What is required → Line by line, set down all the data below exactly, omitting any picture.

Exercise data →
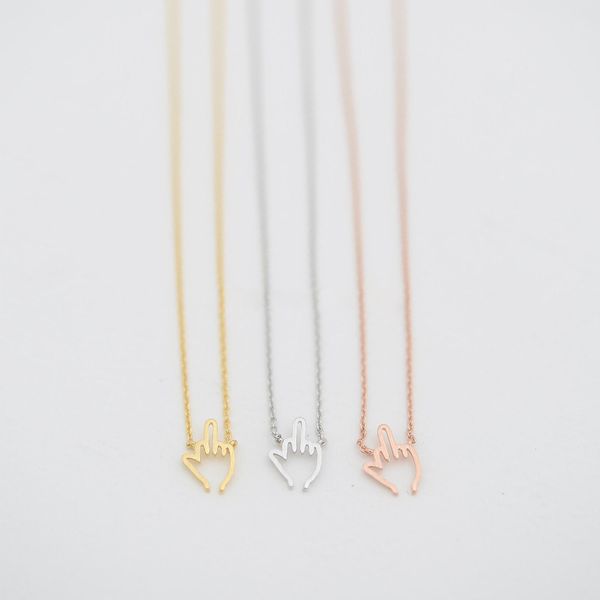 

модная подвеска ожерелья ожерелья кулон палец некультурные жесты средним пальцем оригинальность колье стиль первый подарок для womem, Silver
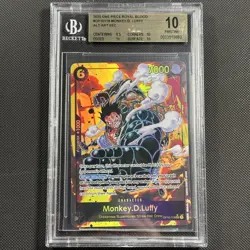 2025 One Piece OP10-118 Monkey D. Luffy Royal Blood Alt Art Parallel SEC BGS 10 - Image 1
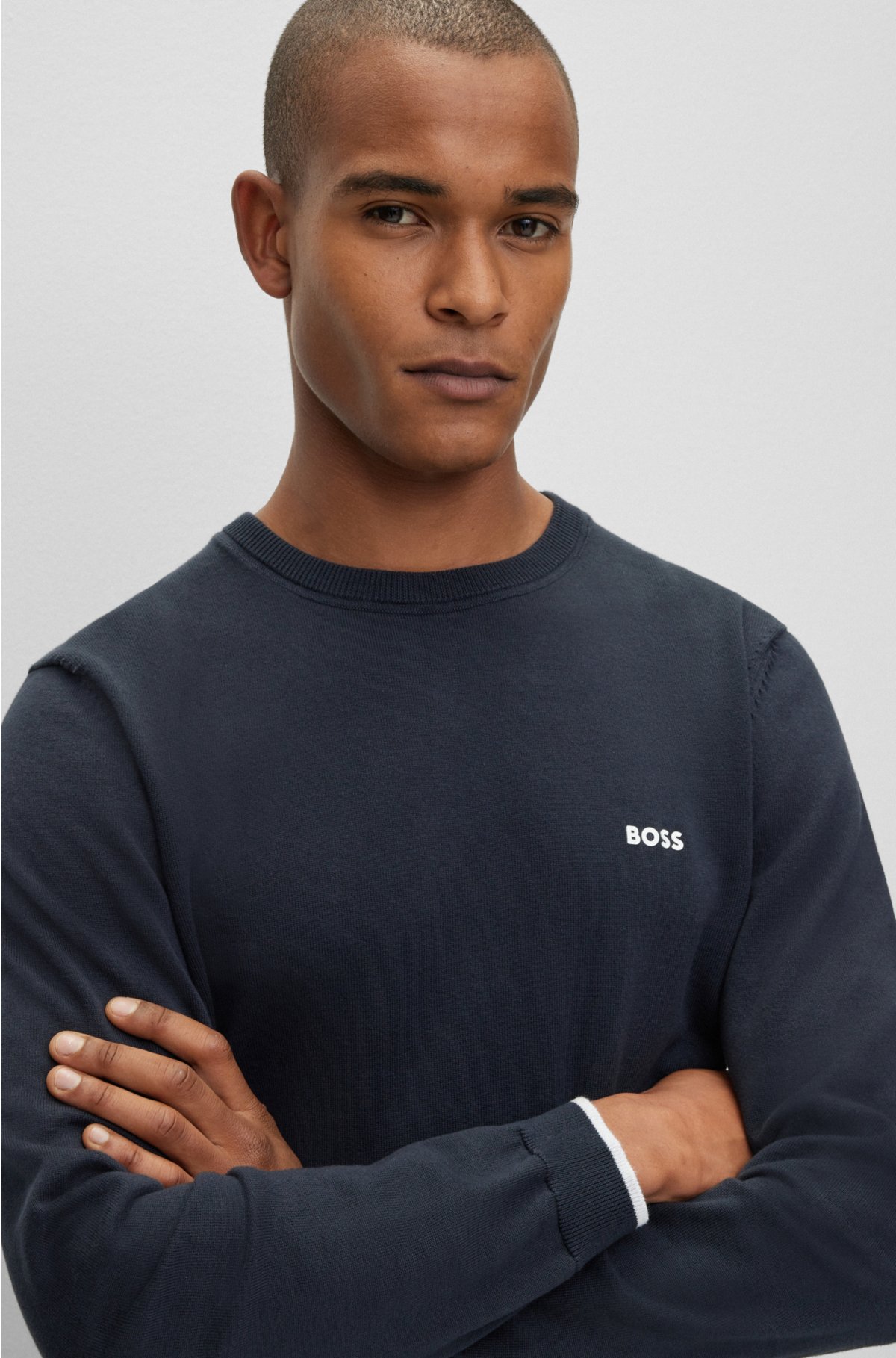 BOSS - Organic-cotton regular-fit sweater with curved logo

Response for this exercise →
модная подвеска ожерелья ожерелья кулон палец некультурные жесты средним пальцем оригинальность колье стиль первый подарок для womem, Silver
 2025 One Piece OP10-118 Monkey D. Luffy Royal Blood Alt Art Parallel SEC BGS 10 - Image 1
 BOSS - Organic-cotton regular-fit sweater with curved logo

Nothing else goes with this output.